Sandra Witzel is a certified Health Coach who has lived with arthritis for over a decade. She is a member of the International Association of Health Coaches and works to help people with arthritis through Wellvess.com, an 8-week online program packed with meal plans, recipes, latest research on supplements, exercise tips and a forum to connect with others.

  1. Not in this household. I alternate with a meat meal one day, fish the next and vegetarian the day after. We eat heaps of vegies and I rarely buy processed or frozen meals as I prefer to cook and freeze. If my arthritis is playing up and I am having trouble holding a knife, then I turn to the Jamie Oliver 15 minute Meals Recipe Book and use the food processor to do the work.

  2. I enjoy cooking and we very rarely eat out. I like a lot of the recipes on this site. Today for lunch I am making Two Cheese Zucchini and Red Onion Tart. It is a new recipe so here goes.

    2 REPLY
    • Very nice. Very different. You cook onion and zucchini and garlic in a pan. Mix eggs and Greek yoghurt and add zucchini mixture and pour into pastry shell (precooked for 5 mins). Put crumbled feta on top and in oven for 35 mins. Very nice.

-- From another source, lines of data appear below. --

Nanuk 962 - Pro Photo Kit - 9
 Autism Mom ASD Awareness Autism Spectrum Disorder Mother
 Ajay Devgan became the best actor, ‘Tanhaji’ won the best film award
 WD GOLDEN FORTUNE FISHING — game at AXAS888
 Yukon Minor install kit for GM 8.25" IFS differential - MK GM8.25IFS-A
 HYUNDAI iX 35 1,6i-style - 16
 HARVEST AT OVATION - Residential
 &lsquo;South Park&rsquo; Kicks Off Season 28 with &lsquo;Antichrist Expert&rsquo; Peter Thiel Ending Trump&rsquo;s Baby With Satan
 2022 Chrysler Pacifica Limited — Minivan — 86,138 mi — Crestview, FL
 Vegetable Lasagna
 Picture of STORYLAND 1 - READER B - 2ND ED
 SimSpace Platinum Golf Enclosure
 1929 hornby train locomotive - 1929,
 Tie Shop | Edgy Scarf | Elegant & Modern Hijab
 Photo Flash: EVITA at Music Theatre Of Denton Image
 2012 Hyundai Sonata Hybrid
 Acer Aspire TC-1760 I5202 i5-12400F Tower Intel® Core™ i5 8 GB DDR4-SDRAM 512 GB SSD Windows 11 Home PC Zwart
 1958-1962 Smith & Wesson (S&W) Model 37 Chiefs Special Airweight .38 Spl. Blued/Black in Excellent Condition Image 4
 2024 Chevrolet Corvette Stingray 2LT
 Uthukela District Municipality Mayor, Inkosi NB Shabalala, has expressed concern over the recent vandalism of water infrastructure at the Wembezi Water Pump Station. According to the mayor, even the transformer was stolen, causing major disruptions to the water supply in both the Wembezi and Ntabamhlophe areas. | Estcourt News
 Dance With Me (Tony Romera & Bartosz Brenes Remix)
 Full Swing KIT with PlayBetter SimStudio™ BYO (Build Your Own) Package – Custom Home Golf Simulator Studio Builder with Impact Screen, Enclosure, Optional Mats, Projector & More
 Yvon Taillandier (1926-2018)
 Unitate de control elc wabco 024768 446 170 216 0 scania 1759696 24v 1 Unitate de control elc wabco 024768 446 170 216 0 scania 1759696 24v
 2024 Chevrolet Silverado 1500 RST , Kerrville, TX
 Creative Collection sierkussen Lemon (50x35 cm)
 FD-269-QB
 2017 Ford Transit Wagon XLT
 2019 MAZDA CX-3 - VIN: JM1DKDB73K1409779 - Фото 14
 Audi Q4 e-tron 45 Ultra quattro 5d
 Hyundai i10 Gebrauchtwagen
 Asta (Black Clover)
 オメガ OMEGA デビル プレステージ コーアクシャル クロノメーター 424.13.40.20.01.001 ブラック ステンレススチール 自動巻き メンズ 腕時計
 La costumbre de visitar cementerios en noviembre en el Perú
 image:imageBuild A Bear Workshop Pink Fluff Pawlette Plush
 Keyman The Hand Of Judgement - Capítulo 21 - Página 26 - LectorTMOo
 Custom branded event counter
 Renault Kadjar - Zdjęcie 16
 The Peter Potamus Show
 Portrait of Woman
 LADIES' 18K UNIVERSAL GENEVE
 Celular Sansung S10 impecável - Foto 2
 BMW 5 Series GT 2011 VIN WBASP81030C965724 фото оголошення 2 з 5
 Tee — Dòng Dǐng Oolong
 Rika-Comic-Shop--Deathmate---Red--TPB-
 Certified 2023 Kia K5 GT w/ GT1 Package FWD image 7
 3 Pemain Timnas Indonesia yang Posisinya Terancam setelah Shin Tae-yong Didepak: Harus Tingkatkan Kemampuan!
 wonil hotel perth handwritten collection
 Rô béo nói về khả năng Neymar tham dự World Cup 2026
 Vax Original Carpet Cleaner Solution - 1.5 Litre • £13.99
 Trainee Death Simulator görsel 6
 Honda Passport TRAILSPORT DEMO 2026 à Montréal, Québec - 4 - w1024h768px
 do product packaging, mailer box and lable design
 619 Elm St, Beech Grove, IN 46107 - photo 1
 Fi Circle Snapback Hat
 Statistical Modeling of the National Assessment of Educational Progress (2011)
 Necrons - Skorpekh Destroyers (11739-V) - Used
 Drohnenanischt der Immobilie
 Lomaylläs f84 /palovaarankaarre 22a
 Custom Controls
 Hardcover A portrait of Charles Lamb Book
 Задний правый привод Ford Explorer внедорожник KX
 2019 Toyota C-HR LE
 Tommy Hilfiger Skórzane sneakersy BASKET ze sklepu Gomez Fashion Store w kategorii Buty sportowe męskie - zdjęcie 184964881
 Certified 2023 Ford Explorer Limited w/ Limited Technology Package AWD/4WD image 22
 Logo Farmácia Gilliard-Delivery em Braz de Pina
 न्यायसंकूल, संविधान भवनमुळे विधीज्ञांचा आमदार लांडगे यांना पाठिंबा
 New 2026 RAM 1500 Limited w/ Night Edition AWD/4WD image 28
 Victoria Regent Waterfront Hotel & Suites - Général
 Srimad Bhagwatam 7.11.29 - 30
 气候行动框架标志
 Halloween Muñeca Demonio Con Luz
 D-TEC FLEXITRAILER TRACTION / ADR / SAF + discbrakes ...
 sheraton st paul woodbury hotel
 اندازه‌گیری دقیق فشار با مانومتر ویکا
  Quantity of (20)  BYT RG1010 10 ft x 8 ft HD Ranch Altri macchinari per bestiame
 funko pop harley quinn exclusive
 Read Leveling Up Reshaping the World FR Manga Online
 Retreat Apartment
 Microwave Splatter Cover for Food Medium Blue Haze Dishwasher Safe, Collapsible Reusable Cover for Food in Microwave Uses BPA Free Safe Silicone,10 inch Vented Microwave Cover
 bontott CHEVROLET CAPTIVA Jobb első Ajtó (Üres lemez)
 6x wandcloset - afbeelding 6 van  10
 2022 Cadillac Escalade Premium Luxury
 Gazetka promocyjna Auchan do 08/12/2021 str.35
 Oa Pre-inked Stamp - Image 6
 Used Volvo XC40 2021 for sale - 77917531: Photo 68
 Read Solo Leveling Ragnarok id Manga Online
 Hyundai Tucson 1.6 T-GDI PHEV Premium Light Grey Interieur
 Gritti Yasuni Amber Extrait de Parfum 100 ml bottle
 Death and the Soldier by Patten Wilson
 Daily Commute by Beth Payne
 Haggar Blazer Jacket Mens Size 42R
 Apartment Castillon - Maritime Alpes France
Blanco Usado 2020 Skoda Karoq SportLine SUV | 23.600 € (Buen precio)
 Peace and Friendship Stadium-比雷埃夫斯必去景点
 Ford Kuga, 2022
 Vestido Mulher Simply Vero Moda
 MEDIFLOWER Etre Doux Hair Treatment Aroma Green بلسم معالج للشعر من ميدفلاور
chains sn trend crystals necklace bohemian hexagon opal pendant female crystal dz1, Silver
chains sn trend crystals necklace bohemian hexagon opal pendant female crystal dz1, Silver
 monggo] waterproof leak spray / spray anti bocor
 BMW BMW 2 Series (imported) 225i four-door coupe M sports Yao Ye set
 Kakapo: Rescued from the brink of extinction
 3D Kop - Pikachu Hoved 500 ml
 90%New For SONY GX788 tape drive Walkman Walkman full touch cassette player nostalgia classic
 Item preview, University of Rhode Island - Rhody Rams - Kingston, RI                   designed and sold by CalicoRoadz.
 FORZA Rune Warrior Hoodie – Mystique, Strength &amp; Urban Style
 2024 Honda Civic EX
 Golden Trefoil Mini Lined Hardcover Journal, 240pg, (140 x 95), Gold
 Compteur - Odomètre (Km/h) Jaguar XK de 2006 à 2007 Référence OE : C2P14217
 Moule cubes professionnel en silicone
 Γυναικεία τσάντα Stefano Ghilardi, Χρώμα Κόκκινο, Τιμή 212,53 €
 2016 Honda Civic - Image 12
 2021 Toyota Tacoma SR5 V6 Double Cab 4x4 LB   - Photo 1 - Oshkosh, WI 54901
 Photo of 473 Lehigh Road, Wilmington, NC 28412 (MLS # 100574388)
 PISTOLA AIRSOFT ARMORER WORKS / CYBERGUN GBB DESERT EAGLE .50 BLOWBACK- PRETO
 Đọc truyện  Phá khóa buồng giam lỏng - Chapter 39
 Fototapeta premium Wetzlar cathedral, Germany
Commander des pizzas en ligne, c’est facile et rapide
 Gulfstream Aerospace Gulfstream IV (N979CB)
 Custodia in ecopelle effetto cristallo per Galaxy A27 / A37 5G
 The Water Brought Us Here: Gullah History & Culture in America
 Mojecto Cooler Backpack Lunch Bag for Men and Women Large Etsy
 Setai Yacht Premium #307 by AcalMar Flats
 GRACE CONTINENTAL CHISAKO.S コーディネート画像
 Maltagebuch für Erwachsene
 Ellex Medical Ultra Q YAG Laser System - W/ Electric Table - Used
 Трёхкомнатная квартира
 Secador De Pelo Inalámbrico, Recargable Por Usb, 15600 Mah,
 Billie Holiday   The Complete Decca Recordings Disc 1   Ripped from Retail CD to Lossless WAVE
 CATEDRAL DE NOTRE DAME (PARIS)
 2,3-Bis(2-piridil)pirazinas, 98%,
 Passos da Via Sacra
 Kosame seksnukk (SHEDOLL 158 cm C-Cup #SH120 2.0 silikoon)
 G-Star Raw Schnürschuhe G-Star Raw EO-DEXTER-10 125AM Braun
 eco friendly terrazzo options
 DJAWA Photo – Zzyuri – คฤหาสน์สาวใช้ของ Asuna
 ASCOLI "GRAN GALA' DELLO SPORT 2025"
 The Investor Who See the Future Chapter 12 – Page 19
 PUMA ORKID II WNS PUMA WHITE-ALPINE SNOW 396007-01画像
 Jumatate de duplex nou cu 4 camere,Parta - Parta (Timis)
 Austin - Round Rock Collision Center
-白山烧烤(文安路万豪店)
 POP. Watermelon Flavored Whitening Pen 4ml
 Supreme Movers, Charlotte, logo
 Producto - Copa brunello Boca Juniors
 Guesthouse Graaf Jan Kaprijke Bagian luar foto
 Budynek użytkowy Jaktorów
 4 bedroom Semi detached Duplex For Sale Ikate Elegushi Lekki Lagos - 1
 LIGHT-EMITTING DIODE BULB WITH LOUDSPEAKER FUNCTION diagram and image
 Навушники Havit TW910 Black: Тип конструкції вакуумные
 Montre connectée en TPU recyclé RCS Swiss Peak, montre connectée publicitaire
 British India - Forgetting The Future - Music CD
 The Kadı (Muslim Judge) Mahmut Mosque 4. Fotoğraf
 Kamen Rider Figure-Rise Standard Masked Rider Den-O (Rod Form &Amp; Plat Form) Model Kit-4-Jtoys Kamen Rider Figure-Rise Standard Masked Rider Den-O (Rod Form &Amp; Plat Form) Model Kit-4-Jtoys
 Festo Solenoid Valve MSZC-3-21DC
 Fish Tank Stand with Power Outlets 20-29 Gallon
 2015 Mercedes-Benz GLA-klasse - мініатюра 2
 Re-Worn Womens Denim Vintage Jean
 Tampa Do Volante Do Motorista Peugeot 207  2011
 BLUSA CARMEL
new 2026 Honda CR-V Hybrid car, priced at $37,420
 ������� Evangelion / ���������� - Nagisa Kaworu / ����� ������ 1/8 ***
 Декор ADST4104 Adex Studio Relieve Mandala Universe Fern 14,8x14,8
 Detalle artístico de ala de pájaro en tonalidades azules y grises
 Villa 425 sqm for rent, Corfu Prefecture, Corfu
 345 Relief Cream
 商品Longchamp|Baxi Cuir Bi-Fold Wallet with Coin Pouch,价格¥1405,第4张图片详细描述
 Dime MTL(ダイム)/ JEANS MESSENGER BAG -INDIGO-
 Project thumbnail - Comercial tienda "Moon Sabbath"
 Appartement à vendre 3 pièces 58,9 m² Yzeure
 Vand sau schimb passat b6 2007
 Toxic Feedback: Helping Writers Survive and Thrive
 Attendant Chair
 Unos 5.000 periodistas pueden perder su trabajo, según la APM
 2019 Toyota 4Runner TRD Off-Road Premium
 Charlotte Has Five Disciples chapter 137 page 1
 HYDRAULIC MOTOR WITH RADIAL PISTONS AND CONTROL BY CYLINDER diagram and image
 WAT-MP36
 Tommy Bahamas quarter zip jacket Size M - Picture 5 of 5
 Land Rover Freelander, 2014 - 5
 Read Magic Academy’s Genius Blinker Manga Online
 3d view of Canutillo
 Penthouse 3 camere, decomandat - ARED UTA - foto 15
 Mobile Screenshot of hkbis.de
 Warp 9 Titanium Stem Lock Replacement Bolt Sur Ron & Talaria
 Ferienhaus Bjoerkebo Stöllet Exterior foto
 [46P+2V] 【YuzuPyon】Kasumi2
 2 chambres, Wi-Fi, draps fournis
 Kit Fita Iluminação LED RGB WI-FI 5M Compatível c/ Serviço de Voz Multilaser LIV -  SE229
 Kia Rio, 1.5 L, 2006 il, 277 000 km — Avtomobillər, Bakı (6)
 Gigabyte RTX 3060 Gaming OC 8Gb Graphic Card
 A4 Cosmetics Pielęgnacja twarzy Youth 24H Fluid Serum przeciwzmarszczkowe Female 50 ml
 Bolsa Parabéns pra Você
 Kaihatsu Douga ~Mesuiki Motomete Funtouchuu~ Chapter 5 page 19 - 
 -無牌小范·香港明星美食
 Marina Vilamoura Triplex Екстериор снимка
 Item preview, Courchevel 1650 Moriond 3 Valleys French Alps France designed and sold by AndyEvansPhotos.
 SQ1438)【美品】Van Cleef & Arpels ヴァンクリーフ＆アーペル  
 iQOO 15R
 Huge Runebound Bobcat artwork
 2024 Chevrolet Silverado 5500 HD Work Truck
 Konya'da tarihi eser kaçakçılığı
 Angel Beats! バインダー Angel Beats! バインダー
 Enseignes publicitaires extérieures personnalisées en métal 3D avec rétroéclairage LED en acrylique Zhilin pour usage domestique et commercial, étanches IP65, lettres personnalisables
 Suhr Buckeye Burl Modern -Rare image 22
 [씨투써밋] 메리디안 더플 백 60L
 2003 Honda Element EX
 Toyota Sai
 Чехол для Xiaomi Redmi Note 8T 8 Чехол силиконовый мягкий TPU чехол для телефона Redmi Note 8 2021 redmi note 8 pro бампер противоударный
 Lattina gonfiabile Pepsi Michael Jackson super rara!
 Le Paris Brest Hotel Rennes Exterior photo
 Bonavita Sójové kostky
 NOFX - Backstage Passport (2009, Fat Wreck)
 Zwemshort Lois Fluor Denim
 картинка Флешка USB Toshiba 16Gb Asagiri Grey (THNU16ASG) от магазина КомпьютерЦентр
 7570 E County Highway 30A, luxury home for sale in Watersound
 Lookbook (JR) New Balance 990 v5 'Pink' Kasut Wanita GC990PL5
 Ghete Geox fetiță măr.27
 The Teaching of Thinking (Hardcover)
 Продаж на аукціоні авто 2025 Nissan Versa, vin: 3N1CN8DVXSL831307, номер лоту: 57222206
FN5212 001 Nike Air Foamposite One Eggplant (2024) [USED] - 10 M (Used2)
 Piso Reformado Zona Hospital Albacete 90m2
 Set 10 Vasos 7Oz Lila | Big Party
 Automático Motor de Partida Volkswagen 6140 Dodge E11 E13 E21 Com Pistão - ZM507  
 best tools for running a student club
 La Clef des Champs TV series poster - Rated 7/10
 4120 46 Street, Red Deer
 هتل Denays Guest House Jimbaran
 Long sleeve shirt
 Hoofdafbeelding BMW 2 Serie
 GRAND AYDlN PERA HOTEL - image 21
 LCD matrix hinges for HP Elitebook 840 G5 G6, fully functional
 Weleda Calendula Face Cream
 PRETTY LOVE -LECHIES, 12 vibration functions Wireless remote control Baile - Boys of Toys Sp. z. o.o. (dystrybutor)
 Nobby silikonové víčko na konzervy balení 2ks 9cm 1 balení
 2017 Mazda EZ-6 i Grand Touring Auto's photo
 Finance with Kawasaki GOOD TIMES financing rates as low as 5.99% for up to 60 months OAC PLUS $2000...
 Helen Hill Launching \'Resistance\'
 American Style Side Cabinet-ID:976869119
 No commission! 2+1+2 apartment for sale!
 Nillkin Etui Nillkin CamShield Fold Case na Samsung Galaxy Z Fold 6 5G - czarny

  3. Not in this household either – every meal is done from scratch every night I too never buy frozen meals (they’re tasteless) – love my vegies and try to have as many as possible to fill our plates. Home made is better and can be prepared quicker than a take-away.

    1 REPLY
    • Exactly! I am alone now, still eating healthy meals prepared from scratch. My own veggie garden. I feel I owe it to myself to eat well and take pleasure in the preparation. No rubbish meals here!

  4. When I broke my shoulder and elbow last year I couldn’t cook and had to rely on pre-prepared meals. It was with much joy the first time I could cook properly – even boiling an egg! Haven’t had packaged food since!

  5. Funny that this articled appeared today. I find that now I am retired I have time to prepare, and we eat fabulous fresh veg meals, avoiding processed as muchaspossible ( but him indoors stillloveshis baked beans). Today I have my vegan son and his vegetarian wife coming for lunch. They are getting Morrocan bean veg and rice soup ( pretty solid, more of a stew). with a choice of salsa, scallions or corn chips, followed by crunchy asparagus using sesame and savoury yeast (instead of Parmesan), with salad and quinoa, followed by strawberries and home made non dairy yoghurt. Luckily asparagus is only $1 a bunch at the moment, strawberries were cheap too, and I had all the other ingredients. There’ll be lots of the soup-stew left which we can put in wraps for ourselves another day. Oh and him indoors made some sourdough bread.
    Took a couple of hours to prepare, and that’s why so many people who work just don’t have the time.
    We both love cooking. It’s the washing up that we don’t like!

    2 REPLY
  6. All homemade here including pasta, bread and ice cream. So much nicer and cheaper than shop bought.

  7. How often do I cook at home? At least twice a day

    Do I want to do it more? Not necessarily however, I do enjoy food prep cooking.

    When I go and stay at my step daughter’s I always take 3 or 4 of my favourite knives so I usually do all of the preparation and she will cook or both of us will cook as she has both gas and electric bench tops. 😉

  8. My husband cooks at our place. He knows how much I like my Veges. We very seldom eat takeaways sometimes fish and chips. We eat well.